Upwing Snowshoe Emerger

Discussion in 'Patterns' started by Hans Weilenmann, Feb 15, 2013.

  1. [​IMG]

    Upwing Snowshoe Emerger
    Hook: Grip 14723BL #14
    Thread: Benecchi 12/0, tobacco
    Shuck: Hen pheasant wing barbs
    Abdomen:Goose biot, dyed tan
    Thorax cover/wing: Snowshoe, cream
    Thorax: Peacock herl

    Cheers,
    Hans W
     
  2. I really like the biot bodies. I wish I could find goose with longer biots.... maybe I'm using a dry fly hook with too long of a shank -- I don't know anyone who sells Grip hooks in the US.
     
  3. Tiemco 206BL is almost identical hook
     
  4. Okay, I'll track some down. Thanks!
     
  5. absolutely beautiful!
    Bury me with one of those piercing my lapel.
     
    Ron McNeal likes this.
  6. I think I'm finally getting the hang of using goose biots. I finally figured out that the biot can not overlap the previous wrap but must be tied exactly next to the previous wrap or you lose the segmentation effect. Hard to believe but I do learn techniques from Hans' clips :D

    IMG_1644.jpg

    This odd tan color works well in some Willamette Valley lakes during midge (buzzer to Hans) hatches.
    I'm not really a fan of skinny midge emergers. The actual critter does not have a thin body but more that of a worm... so, I don't tie anorexic midge emergers.
     
    Ron McNeal and Derek Young like this.
  7. Looks great, Gene. Way to go.

    Cheers,
    Hans W
     
  8. Beautiful flies guys. Gene, do you ever use turkey biots? I prefer the segmentation you get with goose, but turkey does tend to be longer.

    Regards,
    Scott
     
  9. Scott, I've never tried turkey but now that Hans has shown the cool use of the biots for segmented bodies, I'll give it a try. I do strip peacock herl and use the stem for wrapping bodies but they don't look as cool as the goose. Plus, you can buy goose in a wide variety of colors.

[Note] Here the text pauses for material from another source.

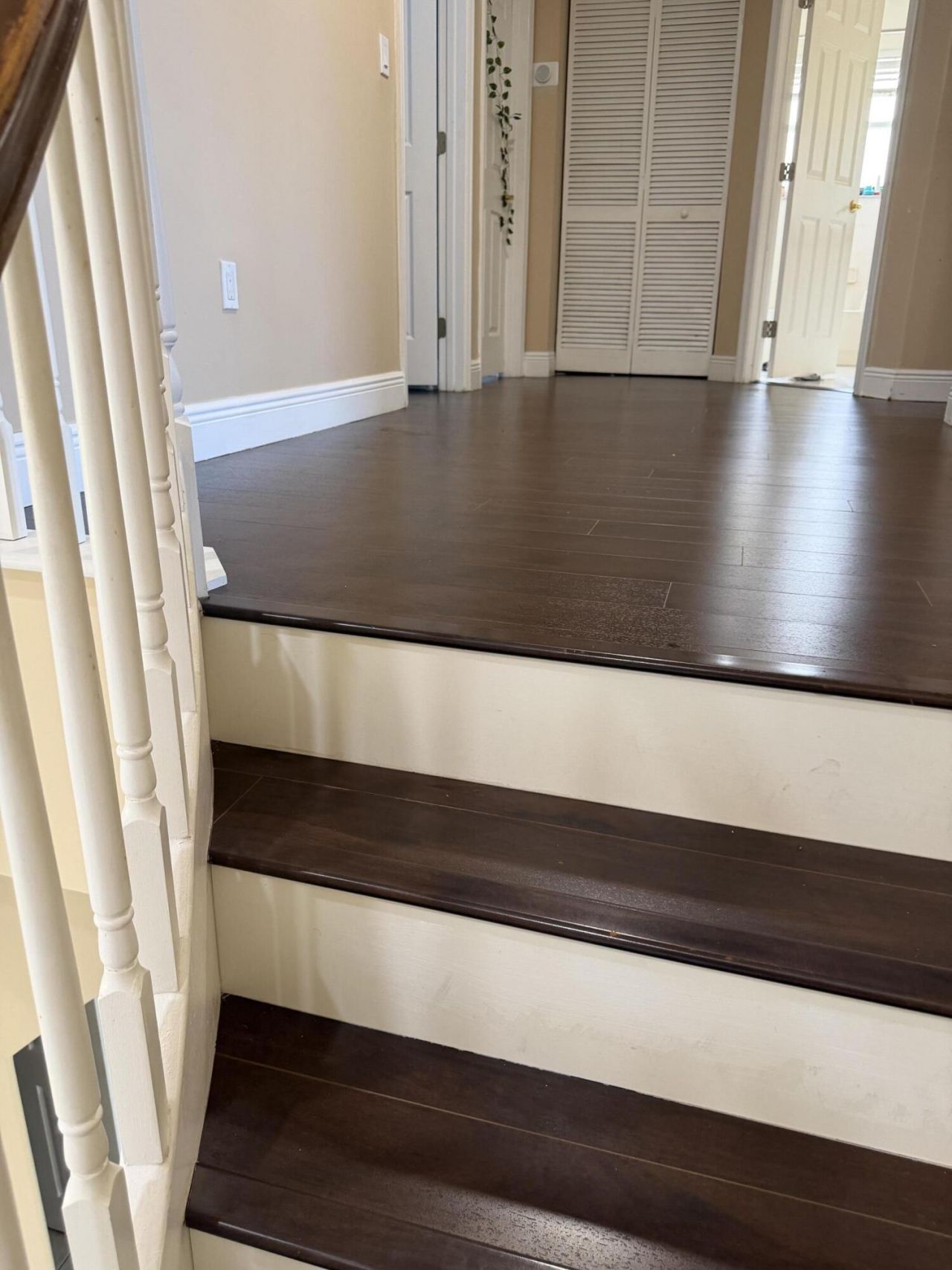 2243 Ridgewood Circle, Royal Palm Beach, FL 33411 Photo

    The goose biots are only good to create a body up to a size 14 with a 2 X long shank, max!

    However, for smaller size patterns, as the one shown above, the biots are certainly long enough.

    I've also tied some of the midge emergers in the same style in black, red and olive colors. I like the looks.

    I get a lot of tying tips via your and Hans' SBS.... plus tips from the other guys here.

    This is an excellent site for flyfishing and fly tying information.
     
    Tacoma Red and auhunter like this.
  10. Gene,

    In addition to the length, I think you'll like the color selection you get with turkey.

    Regards,
    Scott
     
  11.  
  12. Gene, biots don't always provide a segmented look. It depends on how they are oriented when tied on the hook. See this article...
    http://www.flyanglersonline.com/flytying/tyingtips/part102.php

    If you want a segmented look, orient the notch forward.
    If you don't want segmentation, orient the notch back.
    The fuzzy rib is there either way but is covered up (or not) as you overlap the wraps.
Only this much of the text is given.